J’ai trouvé intéressant le rapport à l’espace dans le film. Les choix de cadrages illustrent bien la condition de marginaux des Yéniches : le jour, ils sont montrés seuls, sans « civilisation » alentours, au milieu de paysages désaffectés, comme par exemple le premier plan, qui montre Jason et Moïse filant à toute allure à travers champs. La nuit, c’est là qu’ils osent s’aventurer dans la civilisation, au moment où celle-ci est désertée de ses habituels habitants, les gadjos, comme le restaurant où ils s’arrêtent. Mais durant tout le film, la caméra est très proche de ses personnages, on perçoit à travers elle l’affection réelle du réalisateur portée aux personnes qu’il filme. Cela donne des plans rapprochés, nous exposant des visages et des corps bruts, naturels, façonnés par leur mode de vie mais aussi par la violence, cependant toujours montrés avec une pudeur respectueuse.

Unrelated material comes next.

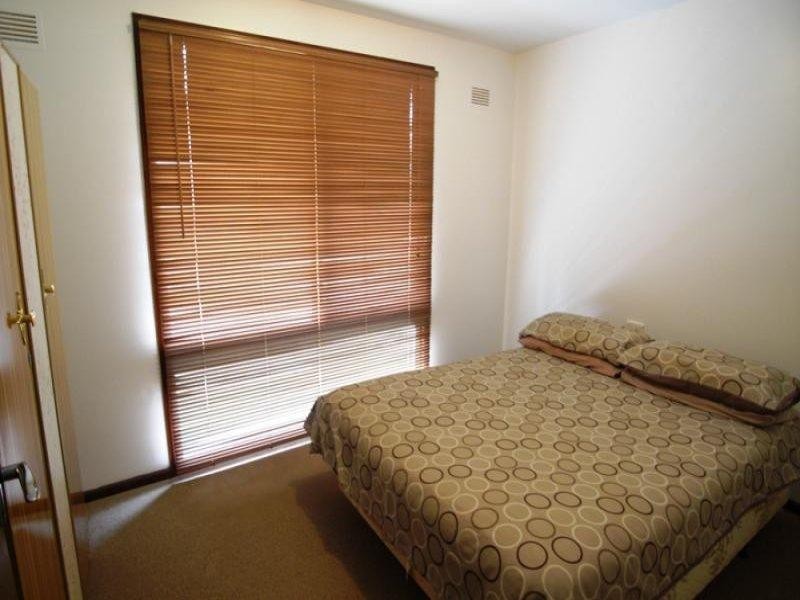 9 Irvine St, Wingham NSW 2429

Mais ce qui m’a particulièrement marquée dans ce film, c’est la lumière. Dans les scènes introductives, où Jason attend le retour de son frère, on découvre la communauté sous la lumière éclatante du soleil, et la manière dont la chaleur enveloppe les personnages suffit à en dire long sur leur manière de vivre : à l’extérieur, en adéquation avec leur milieu. La scène de retrouvailles entre Jason et son grand frère Fred, sortant de 15 ans de prison, est filmée dans un beau contre-jour, dans une sorte d’illusion solaire. Si le début se passe en pleine journée, la plus grande partie du film se déroule la nuit, et là particulièrement le travail sur la lumière mérite d’être souligné. On perçoit un énorme travail du chef opérateur dans l’éclairage des scènes nocturnes, qui permet aux personnages de toujours baigner dans une sorte de halo. Les phares d’une voiture, un lampadaire, des sources de lumières éparses permettent de créer une ambiance presque onirique, qui permet de sublimer, qui l’eut crut, les banlieues désaffectées de l’Oise. Cette fameuse nuit file elle-même à la vitesse de la lumière : à partir du moment où Fred retrouve sa chère voiture, le film roule à toute allure, comme s’il n’y avait pas de lendemain, semblant tout brûler sur leur passage : ils frôlent la mort, l’inflige à d’autres, défient les lois de la société, pour tout consommer et ne rien regretter. Le rire, les larmes, la peur, l’amour, tout s’enchaîne dans cette recherche frénétique de la vie, en ces lieux qui en sont totalement dépourvus. Leur amour fraternel apparait alors éclatant, il s’exprime avec les tripes, on s’insulte, on se bastonne, mais c’est surtout pour ne pas se perdre, plus jamais.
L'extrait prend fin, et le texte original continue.